Like actress Sally Field, I am a mom. Unlike Sally Field, I do not live in La-La Land. We breathe a different brand of oxygen. We hold diametrically opposed worldviews. We have nothing in common but stretch marks.
Contrary to tongue-tied Sally's incoherent Primetime Emmy Awards diatribe, childbearing and childrearing experiences do not bond all women in a universal sorority of non-confrontation. There are sheep moms. There are lion moms. We know which kind Sally Field is.
"If mothers ruled the, ruled the world, there would be no god-damned wars in the first place," Field bleated. In the Gidget Guide to Parenting, mothers are appeasers and hand-holders. Our maternal instincts supposedly lead us to shun fights and coddle bullies instead of disciplining them.
There would be "no god-damned wars," Silly Sally, because we'd all be conquered chattel if Field Diplomacy "ruled the world."
Motherhood and peace-making are not synonymous. Motherhood requires ferocity, the will and resolve to protect one's own children at all costs, and a life-long commitment to sacrifice for a family's betterment and survival.

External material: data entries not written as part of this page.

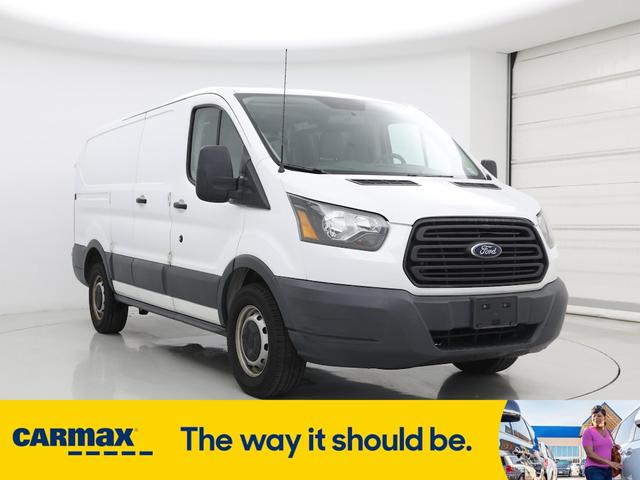 2016 Ford Transit-150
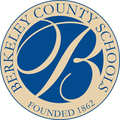 berkeley county schools wv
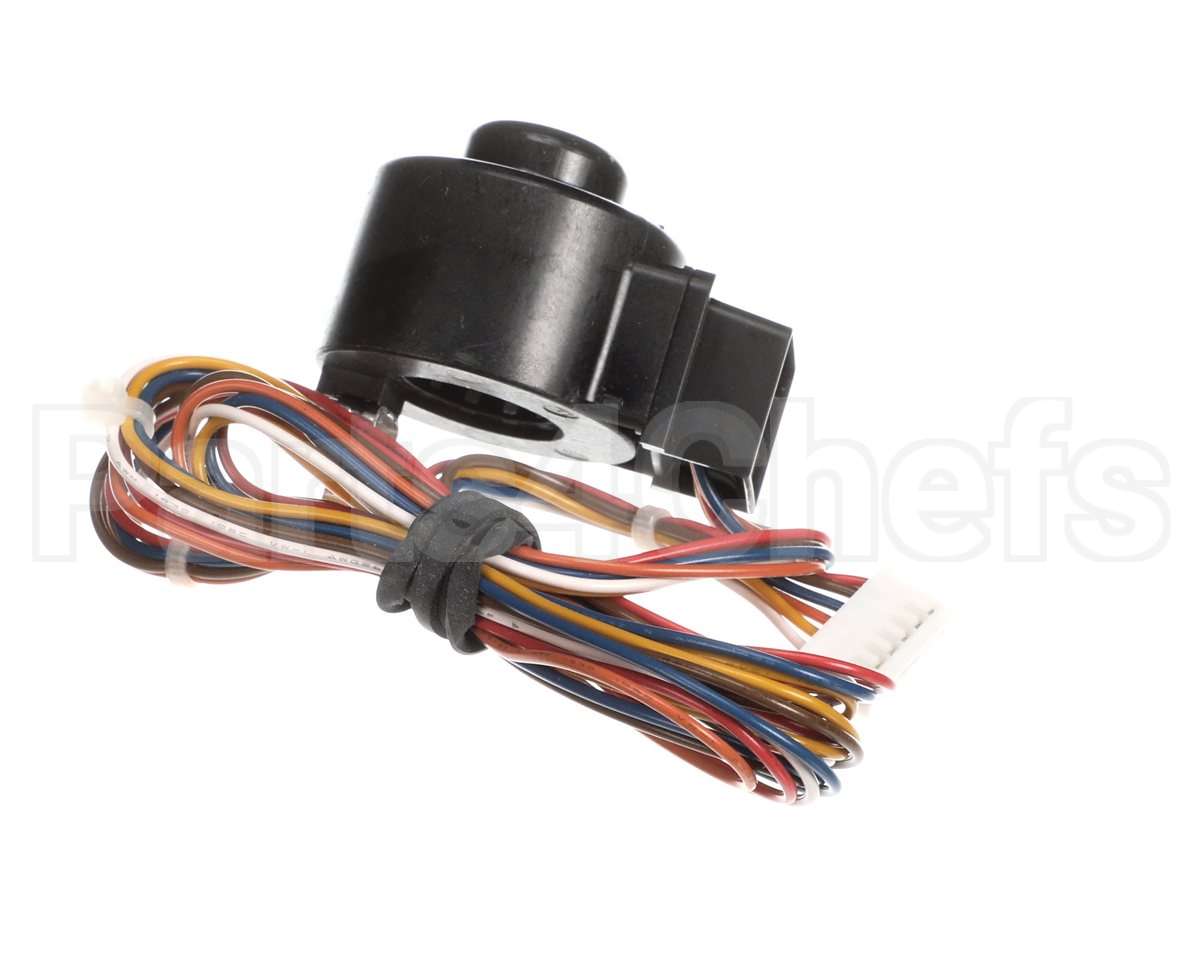COL15628 Trane Eev Coil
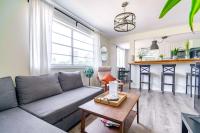 Short North Convention Private Parking Pets - Ferienwohnung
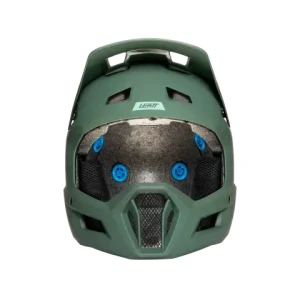 Kask Rowerowy Leatt Gravity 1.0 V25 Teal p5.webp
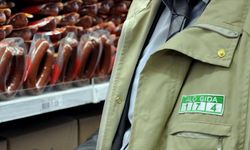 Tüketici Alarmı! 6 İlde Sahte Zeytinyağı Operasyonu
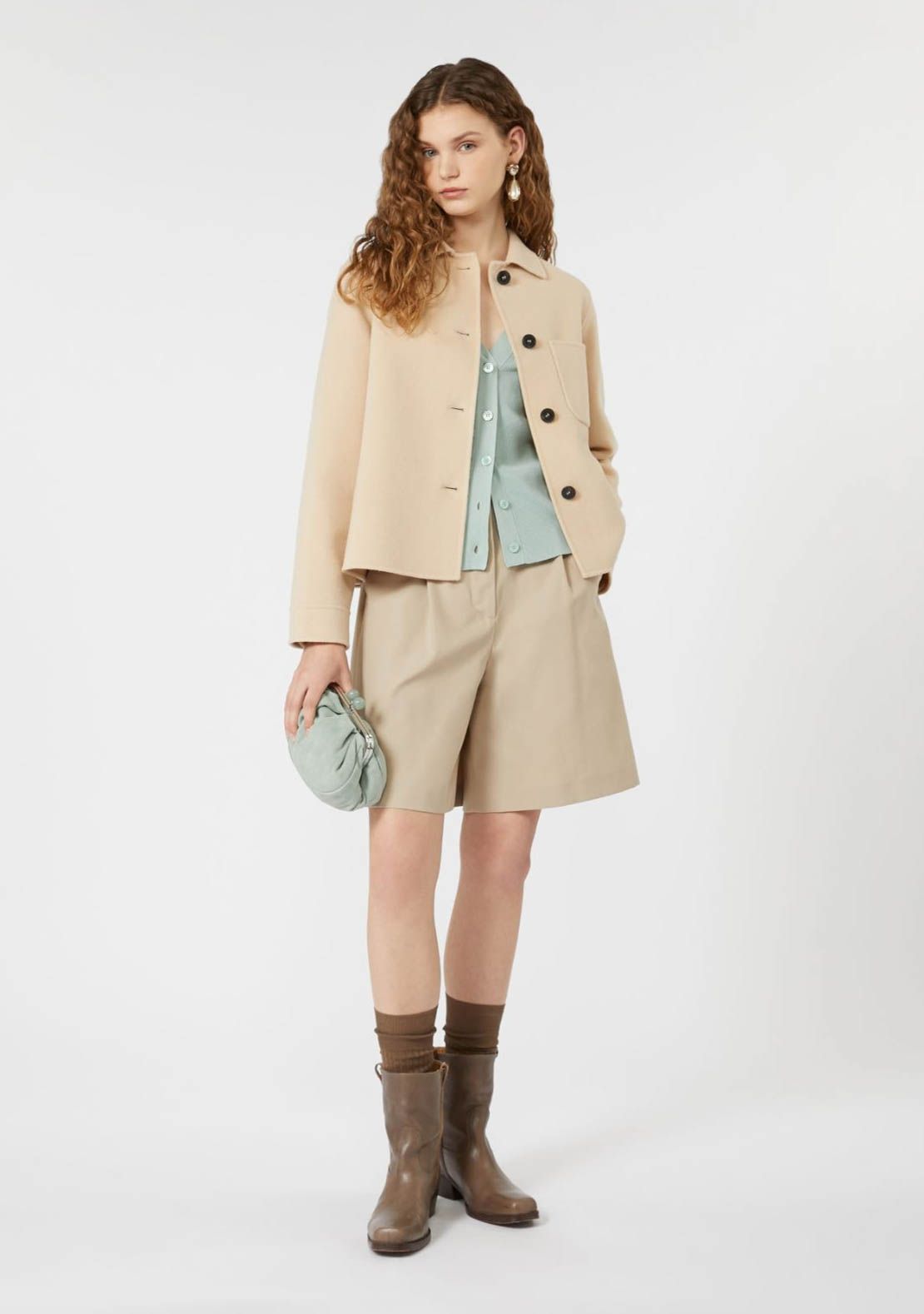 MAX MARA JASJE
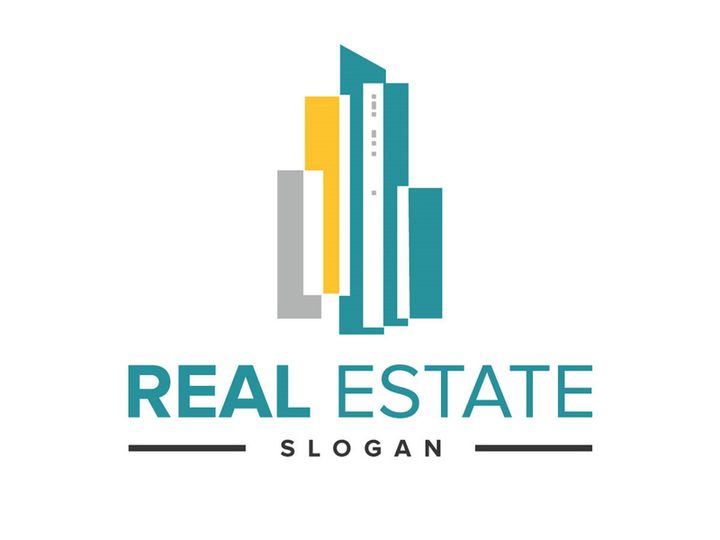 Real Estate Logo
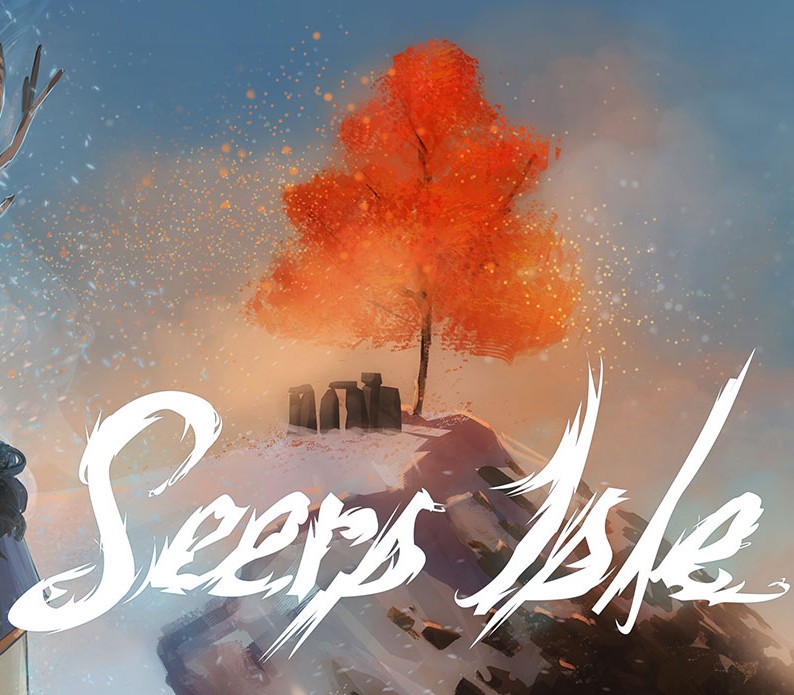 Games like Seers Isle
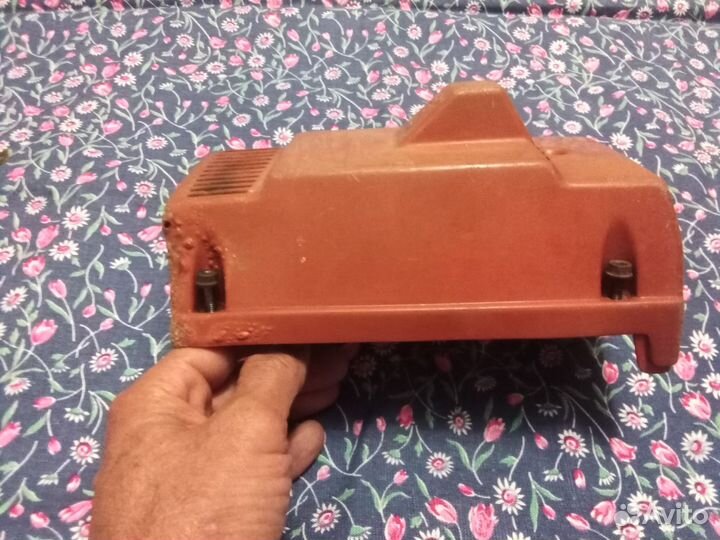 Запчасти на триммер Хускварна 235 R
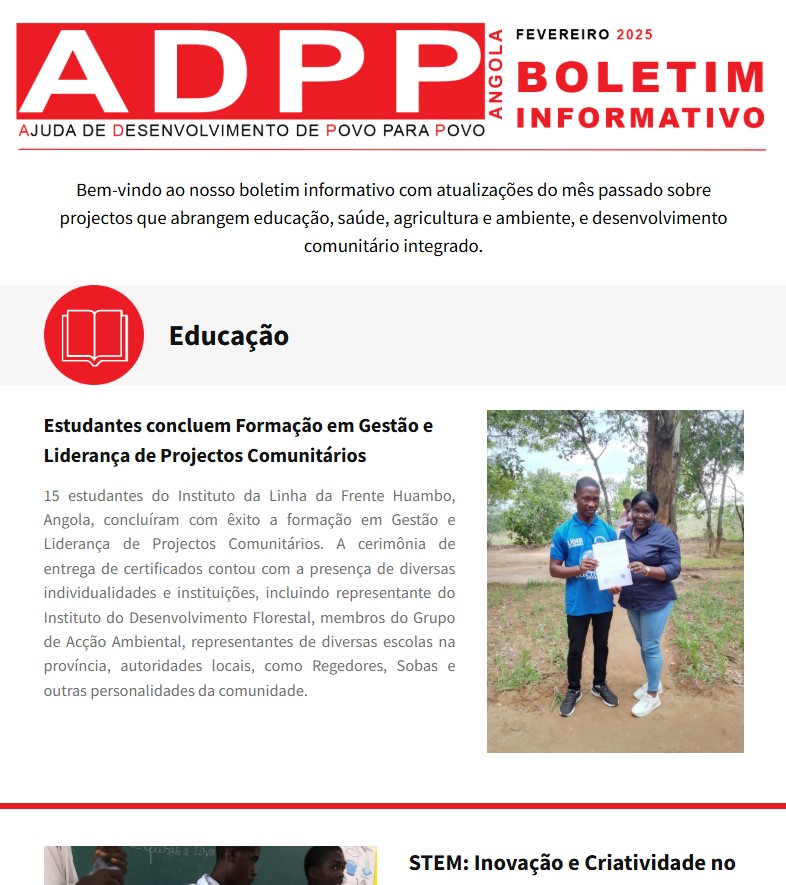 Fevereiro 2025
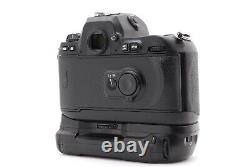MINT-? Nikon F100 MD-15 35-105mm f/3.5-4.5 Lens SLR Film Camera From JAPAN
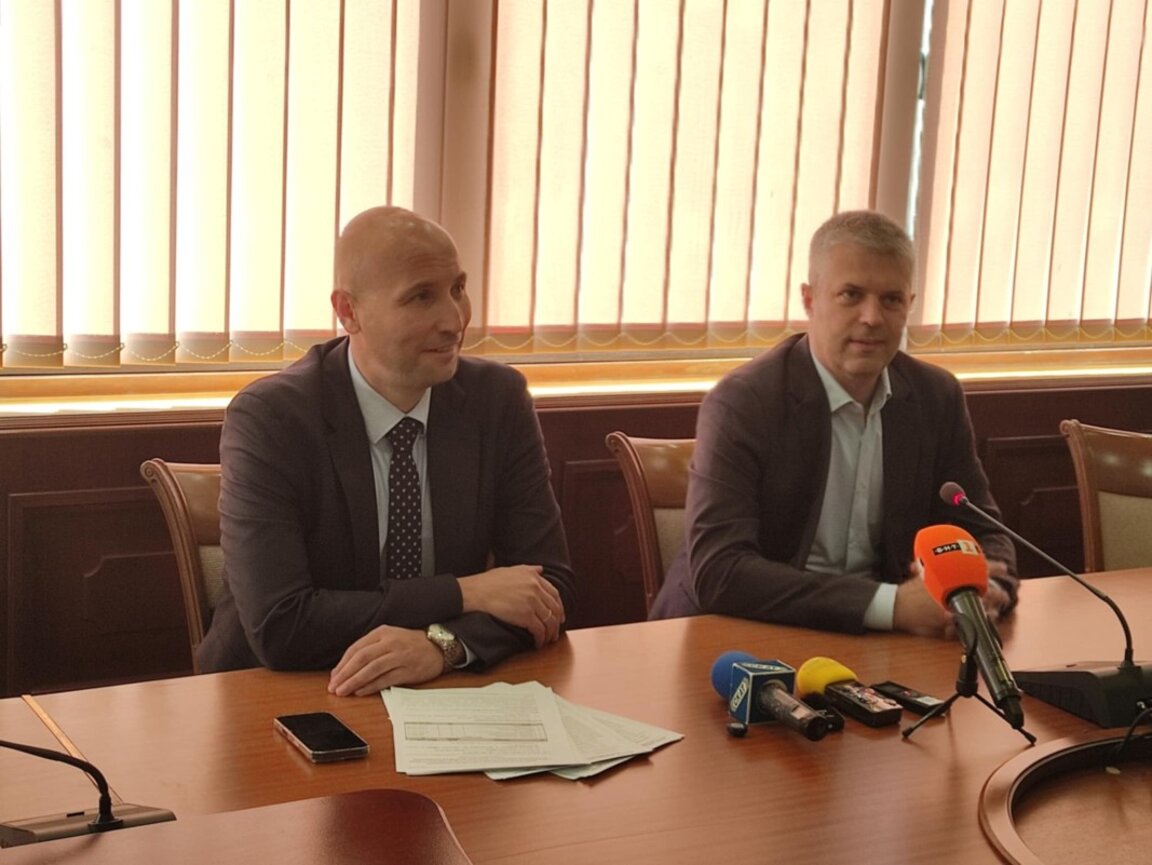 Зам.-кметът Диан Иванов напуска екипа на Коцев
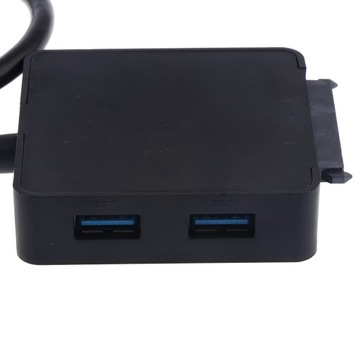 USB 3.0–2,5-дюймовый жесткий диск 3,5-дюймовый SDD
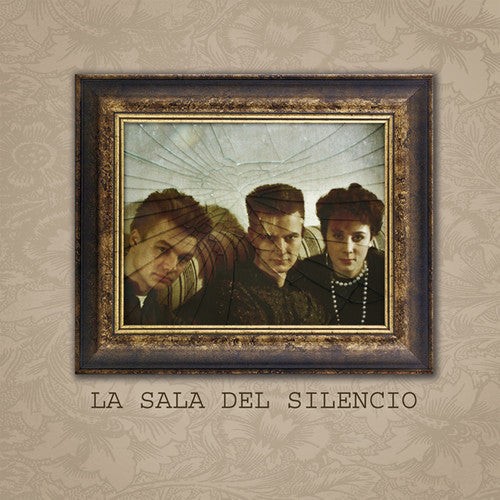 Sala Del Silencio - Sala Del Silencio - Vinyl Record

Conflict avoidance is incompatible with good mothering.
On the playground of life, Sally Field is the mom who looks the other way when the brat on the elementary school slide pushes your son to the ground or throws dirt in your daughter's face.
She's the mom who holds her tongue at the mall when thugs spew profanities and make crude gestures in front of her brood. She's the mom who tells her child never to point out when a teacher gets her facts wrong.
She's the mom who buys her teenager beer, condoms and a hotel room on prom night, because she'd rather give in than assert her parental authority and do battle.